• _TASK TO COMPLETE_:
The lines from the start of the data through the line with "Humara Bunny toh" are to be returned verbatim; all later lines are to be omitted.

^^^^^^^^

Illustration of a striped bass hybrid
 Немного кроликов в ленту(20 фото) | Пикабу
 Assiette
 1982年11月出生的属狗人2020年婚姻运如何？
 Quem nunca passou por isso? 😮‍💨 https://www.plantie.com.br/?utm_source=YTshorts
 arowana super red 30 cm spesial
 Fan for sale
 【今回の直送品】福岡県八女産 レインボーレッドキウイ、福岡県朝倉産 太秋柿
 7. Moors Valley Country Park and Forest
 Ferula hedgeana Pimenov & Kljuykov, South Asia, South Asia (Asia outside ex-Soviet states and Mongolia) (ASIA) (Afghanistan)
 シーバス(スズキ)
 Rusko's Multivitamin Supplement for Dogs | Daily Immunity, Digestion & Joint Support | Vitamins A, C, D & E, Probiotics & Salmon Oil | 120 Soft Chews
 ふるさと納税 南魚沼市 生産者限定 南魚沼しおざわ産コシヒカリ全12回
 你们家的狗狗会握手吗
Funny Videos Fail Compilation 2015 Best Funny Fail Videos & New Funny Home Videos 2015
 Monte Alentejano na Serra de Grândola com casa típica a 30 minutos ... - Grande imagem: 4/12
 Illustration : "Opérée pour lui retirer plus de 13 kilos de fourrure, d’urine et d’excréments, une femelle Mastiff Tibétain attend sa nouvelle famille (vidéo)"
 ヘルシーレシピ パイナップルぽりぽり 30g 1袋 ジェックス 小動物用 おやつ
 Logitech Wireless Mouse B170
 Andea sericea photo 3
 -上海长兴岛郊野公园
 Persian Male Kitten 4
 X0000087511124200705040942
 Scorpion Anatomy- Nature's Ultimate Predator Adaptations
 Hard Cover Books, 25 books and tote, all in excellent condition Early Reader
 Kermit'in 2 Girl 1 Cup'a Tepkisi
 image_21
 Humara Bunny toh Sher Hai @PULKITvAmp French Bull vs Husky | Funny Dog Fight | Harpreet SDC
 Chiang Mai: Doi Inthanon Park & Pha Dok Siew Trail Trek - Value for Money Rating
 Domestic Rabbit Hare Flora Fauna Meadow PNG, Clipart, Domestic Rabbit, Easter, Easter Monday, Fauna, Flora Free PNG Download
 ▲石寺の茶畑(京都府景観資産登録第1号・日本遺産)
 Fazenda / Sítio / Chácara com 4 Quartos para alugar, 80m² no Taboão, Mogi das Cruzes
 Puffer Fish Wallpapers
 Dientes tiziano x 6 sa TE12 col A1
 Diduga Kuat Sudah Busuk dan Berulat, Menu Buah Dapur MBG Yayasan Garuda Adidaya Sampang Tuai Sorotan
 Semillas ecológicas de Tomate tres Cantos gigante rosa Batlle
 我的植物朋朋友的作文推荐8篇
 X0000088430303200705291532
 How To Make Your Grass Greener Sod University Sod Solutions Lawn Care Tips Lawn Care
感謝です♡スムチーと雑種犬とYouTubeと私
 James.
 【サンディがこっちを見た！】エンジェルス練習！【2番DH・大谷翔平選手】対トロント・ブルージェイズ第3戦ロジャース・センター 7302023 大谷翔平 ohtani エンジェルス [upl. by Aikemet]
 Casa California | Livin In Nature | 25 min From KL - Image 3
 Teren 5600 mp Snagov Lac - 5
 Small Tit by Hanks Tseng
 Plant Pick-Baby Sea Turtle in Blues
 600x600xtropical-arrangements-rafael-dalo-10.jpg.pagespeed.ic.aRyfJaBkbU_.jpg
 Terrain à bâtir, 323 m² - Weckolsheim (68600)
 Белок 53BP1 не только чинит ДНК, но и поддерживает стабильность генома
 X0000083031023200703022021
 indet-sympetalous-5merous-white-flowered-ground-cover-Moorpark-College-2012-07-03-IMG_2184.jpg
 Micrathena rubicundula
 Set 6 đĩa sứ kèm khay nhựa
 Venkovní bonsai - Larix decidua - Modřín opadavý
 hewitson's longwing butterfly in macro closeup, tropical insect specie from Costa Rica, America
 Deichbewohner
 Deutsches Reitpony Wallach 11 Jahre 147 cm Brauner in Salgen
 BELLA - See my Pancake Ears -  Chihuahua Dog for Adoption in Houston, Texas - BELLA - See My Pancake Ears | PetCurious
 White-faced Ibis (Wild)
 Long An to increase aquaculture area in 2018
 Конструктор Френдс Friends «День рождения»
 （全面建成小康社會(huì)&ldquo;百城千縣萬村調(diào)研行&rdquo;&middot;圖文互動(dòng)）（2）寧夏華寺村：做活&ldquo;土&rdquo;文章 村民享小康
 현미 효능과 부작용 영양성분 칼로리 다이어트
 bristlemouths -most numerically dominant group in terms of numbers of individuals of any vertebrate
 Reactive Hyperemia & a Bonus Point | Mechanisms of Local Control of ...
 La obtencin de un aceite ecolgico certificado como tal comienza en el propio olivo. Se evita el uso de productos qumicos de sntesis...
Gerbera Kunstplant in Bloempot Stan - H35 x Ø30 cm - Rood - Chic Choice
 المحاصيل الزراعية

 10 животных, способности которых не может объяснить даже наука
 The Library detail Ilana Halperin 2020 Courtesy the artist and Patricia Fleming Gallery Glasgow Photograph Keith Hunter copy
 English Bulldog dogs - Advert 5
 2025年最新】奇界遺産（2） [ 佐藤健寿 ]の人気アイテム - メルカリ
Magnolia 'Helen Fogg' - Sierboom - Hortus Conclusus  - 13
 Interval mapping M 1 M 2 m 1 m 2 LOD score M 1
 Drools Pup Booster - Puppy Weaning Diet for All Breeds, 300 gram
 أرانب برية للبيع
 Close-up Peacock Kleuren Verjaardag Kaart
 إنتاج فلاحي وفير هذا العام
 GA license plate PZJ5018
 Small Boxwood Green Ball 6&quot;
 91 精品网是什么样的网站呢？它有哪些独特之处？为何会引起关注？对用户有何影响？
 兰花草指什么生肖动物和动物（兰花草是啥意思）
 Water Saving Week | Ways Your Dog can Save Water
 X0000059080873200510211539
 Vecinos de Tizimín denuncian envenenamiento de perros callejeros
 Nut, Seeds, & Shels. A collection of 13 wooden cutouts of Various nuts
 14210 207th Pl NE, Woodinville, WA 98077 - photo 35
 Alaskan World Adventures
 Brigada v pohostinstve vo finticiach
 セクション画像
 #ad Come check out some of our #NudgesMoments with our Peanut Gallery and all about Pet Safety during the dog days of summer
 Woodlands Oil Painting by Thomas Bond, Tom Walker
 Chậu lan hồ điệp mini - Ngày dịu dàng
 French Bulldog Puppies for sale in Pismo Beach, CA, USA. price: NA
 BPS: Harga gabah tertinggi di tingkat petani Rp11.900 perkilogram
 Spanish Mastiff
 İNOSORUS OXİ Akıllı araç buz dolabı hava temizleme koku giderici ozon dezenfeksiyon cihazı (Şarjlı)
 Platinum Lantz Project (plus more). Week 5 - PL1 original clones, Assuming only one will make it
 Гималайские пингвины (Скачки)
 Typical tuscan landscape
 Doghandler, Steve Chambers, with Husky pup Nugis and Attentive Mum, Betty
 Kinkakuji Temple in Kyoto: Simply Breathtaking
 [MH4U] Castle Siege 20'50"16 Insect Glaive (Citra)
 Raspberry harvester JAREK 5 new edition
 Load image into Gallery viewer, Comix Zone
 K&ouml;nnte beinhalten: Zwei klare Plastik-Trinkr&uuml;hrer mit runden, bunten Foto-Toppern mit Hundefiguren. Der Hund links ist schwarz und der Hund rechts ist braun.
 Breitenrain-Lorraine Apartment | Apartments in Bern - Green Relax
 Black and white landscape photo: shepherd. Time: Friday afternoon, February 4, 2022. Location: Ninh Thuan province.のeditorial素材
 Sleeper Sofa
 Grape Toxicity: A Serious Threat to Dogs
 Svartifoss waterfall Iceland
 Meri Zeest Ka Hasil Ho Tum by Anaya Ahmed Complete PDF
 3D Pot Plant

^^^^^^^^

• _OUTPUT OF THE TASK_:
Illustration of a striped bass hybrid
 Немного кроликов в ленту(20 фото) | Пикабу
 Assiette
 1982年11月出生的属狗人2020年婚姻运如何？
 Quem nunca passou por isso? 😮‍💨 https://www.plantie.com.br/?utm_source=YTshorts
 arowana super red 30 cm spesial
 Fan for sale
 【今回の直送品】福岡県八女産 レインボーレッドキウイ、福岡県朝倉産 太秋柿
 7. Moors Valley Country Park and Forest
 Ferula hedgeana Pimenov & Kljuykov, South Asia, South Asia (Asia outside ex-Soviet states and Mongolia) (ASIA) (Afghanistan)
 シーバス(スズキ)
 Rusko's Multivitamin Supplement for Dogs | Daily Immunity, Digestion & Joint Support | Vitamins A, C, D & E, Probiotics & Salmon Oil | 120 Soft Chews
 ふるさと納税 南魚沼市 生産者限定 南魚沼しおざわ産コシヒカリ全12回
 你们家的狗狗会握手吗
Funny Videos Fail Compilation 2015 Best Funny Fail Videos & New Funny Home Videos 2015
 Monte Alentejano na Serra de Grândola com casa típica a 30 minutos ... - Grande imagem: 4/12
 Illustration : "Opérée pour lui retirer plus de 13 kilos de fourrure, d’urine et d’excréments, une femelle Mastiff Tibétain attend sa nouvelle famille (vidéo)"
 ヘルシーレシピ パイナップルぽりぽり 30g 1袋 ジェックス 小動物用 おやつ
 Logitech Wireless Mouse B170
 Andea sericea photo 3
 -上海长兴岛郊野公园
 Persian Male Kitten 4
 X0000087511124200705040942
 Scorpion Anatomy- Nature's Ultimate Predator Adaptations
 Hard Cover Books, 25 books and tote, all in excellent condition Early Reader
 Kermit'in 2 Girl 1 Cup'a Tepkisi
 image_21
 Humara Bunny toh Sher Hai @PULKITvAmp French Bull vs Husky | Funny Dog Fight | Harpreet SDC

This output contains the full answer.